Check every line below for the string "white". Copy the ones that have it.

[Opening Given data section]

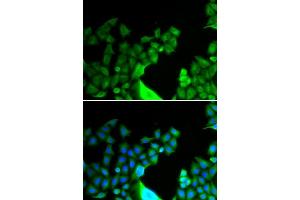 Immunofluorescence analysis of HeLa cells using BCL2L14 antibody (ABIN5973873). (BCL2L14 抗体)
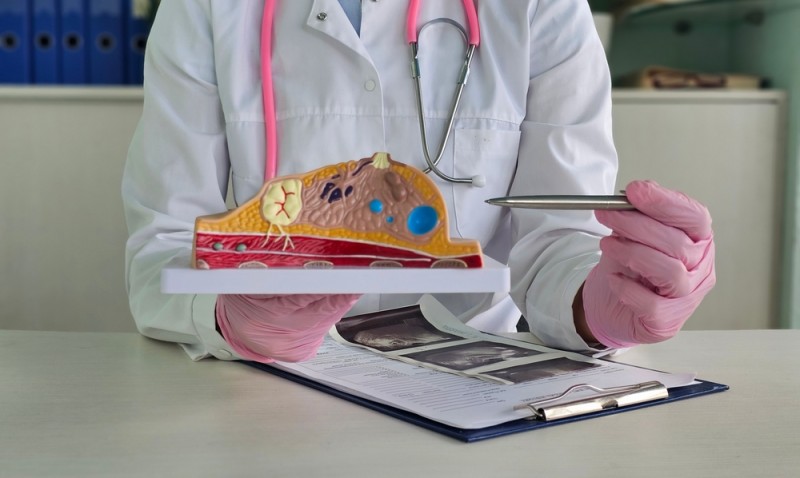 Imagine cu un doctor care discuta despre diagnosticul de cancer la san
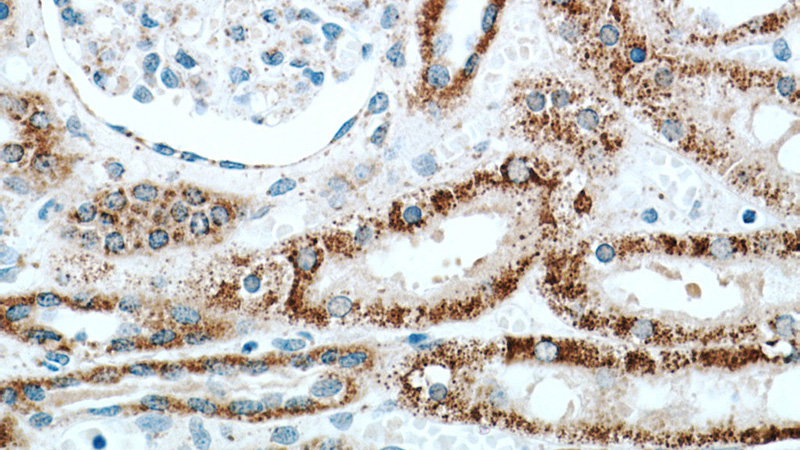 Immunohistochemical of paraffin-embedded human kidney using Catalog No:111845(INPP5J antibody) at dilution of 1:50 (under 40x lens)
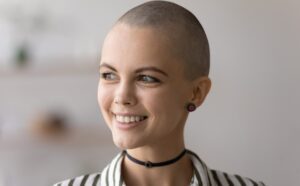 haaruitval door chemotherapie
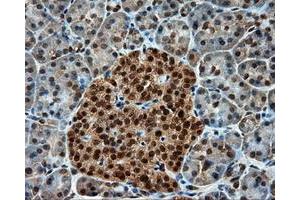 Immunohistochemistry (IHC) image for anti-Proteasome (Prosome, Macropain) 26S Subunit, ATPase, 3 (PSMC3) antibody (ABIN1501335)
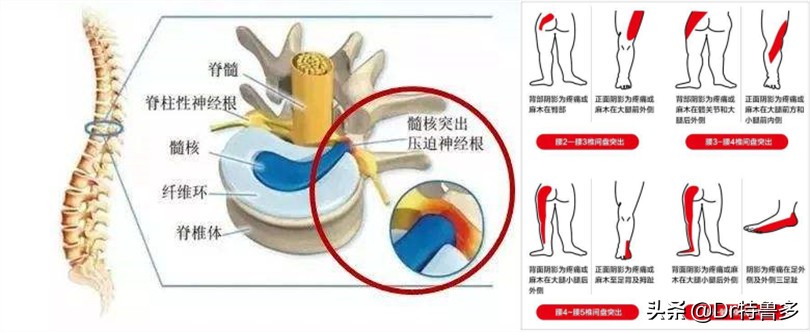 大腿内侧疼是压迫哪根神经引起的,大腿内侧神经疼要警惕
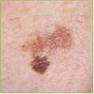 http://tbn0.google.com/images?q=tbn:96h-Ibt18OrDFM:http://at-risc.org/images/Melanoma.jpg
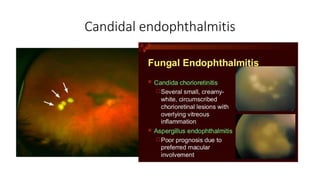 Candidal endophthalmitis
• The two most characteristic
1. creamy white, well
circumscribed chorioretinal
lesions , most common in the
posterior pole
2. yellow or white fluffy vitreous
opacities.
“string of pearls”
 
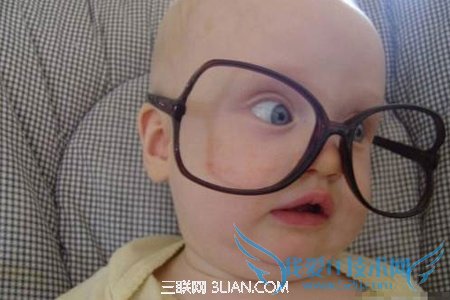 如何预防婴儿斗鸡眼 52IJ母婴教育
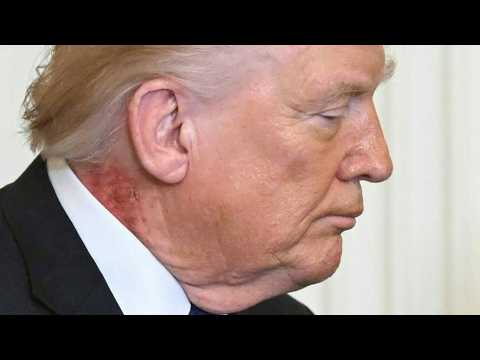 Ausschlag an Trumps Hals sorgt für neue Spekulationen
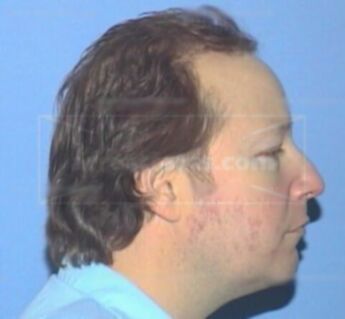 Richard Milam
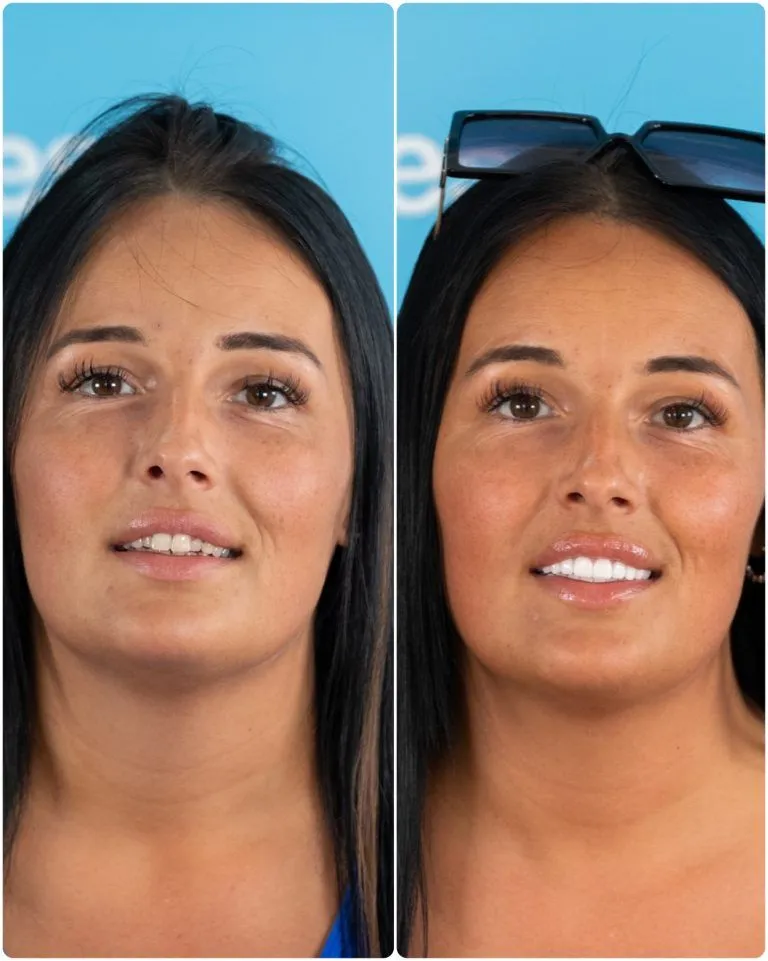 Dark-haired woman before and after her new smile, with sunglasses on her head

[Closing Given data section]
[Opening Given data section]

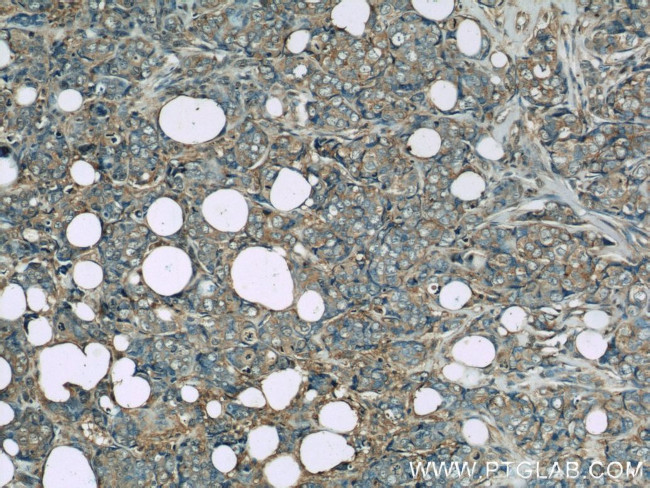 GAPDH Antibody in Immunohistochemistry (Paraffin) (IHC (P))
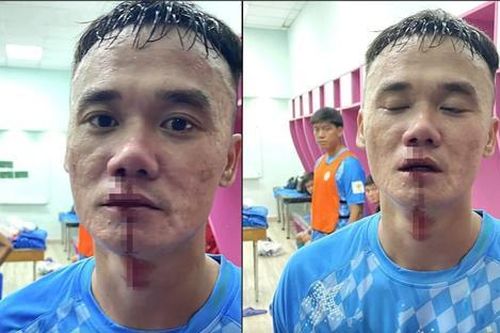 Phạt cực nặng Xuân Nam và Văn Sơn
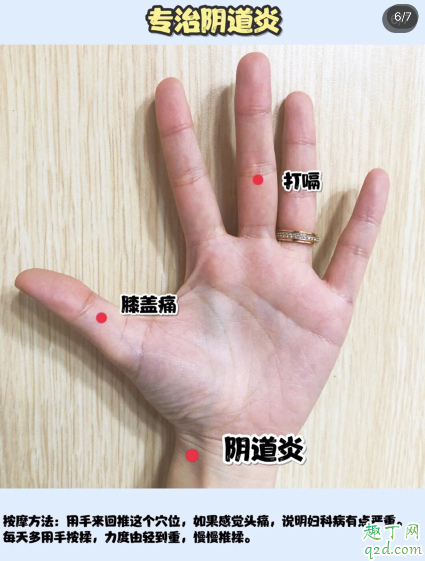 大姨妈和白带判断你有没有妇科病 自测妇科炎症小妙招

[Closing Given data section]

Exercise result -
1. creamy white, well
2. yellow or white fluffy vitreous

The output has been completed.